Der neue Gerichtssaal wurde mit einer großen Glasbox ausgestattet, in der die Angeklagten abgeschirmt und bewacht gemeinsam dem Prozess folgen können. Ursprünglich sollten sie in Einzelzellen, doch dagegen klagten sie erfolgreich. Laut der flämischen Rundfunkanstalt VRT ist es auch der teuerste Prozess Belgiens: rund 35 Millionen Euro habe er gekostet. Sieben Jahre nach den Anschlägen und sieben Monate nach Prozessbeginn wurde das Urteil gespannt erwartet.

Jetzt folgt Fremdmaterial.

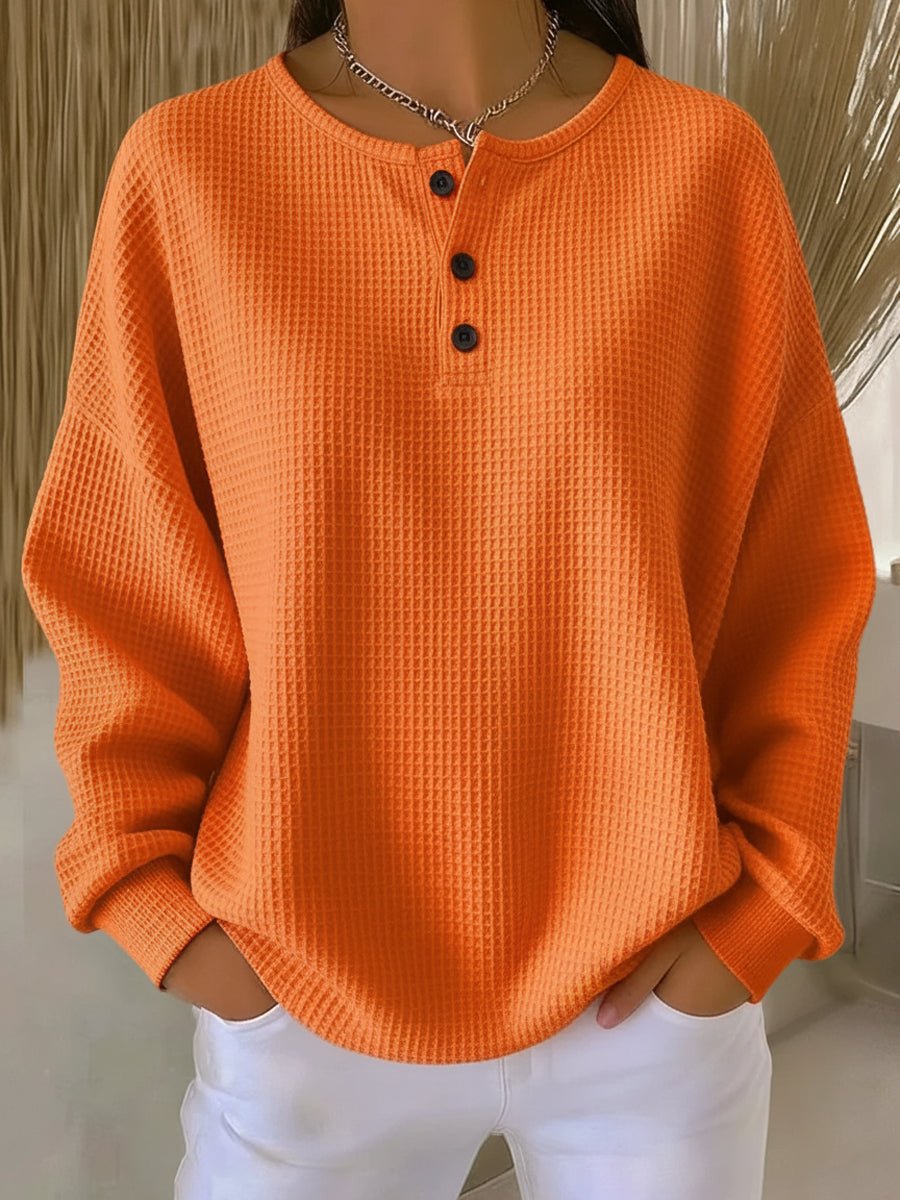 Women's Long-Sleeve Henley Casual T-Shirt in Orange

Am Dienstagmittag verfolgten belgische Medien mit Livetickern und detailliert aufgeschriebenen Porträts der Angeklagten in Brüssel die Urteilsverkündung. Diese zögerte sich allerdings hinaus. Für das Urteil sind zwölf Geschworene einer „Volksjury“ verantwortlich. Laut Prozessordnung müssen sie über die angefallenen Fragen beraten und eine Antwort finden, um für jeden einzelnen Angeklagten die Schuldfrage einzuschätzen. Im Prozess der Anschläge von 2016 hatte die Jury 287 Fragen, zu denen sie sich beraten und abstimmen musste.

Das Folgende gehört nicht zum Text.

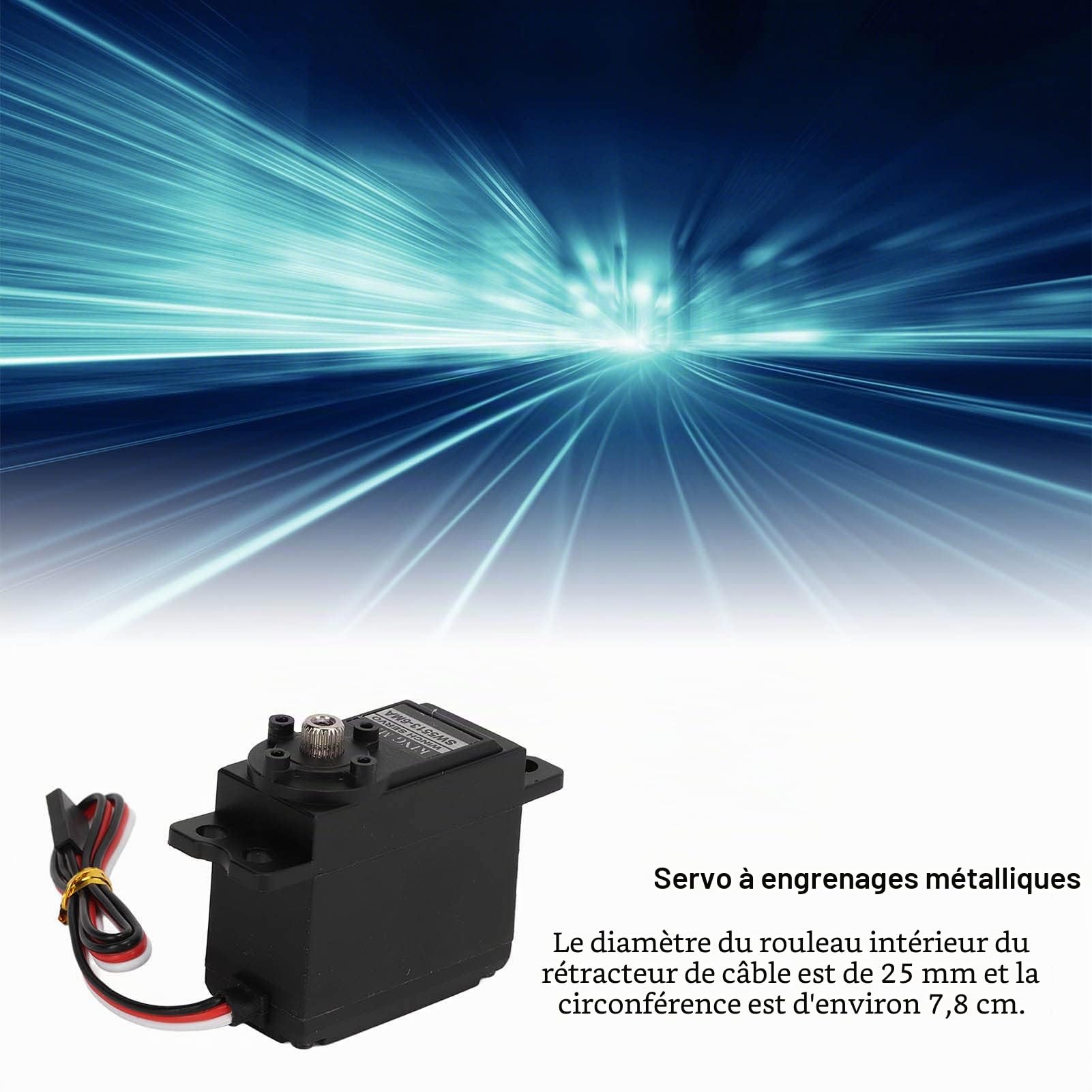 Servomoteur RC, Engrenages Métalliques Haute Résistance, Treuil Voile Alliage Couple Élevé, for Modèles Bateaux RC Voiliers Compétition Loisir Marin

Ursprünglich waren dafür zwei Beratungswochen angesetzt gewesen. Letztlich nahmen sich die Geschworenen 18 Tage Zeit – so lange brauchte noch keine Jury. Selbst am Dienstag waren sie noch so lange mit der Urteilsformulierung beschäftigt, dass sich die Verkündung um fünf Stunden verzögerte.
Doch auch nach dem Urteil durch die Geschworenen ist der Prozess noch nicht zu Ende. Das Strafmaß wird am 4. September verkündet. Die Verurteilten haben 15 Tage Zeit, um gegen das Urteil Beschwerde beim höchsten belgischen Gericht einzulegen.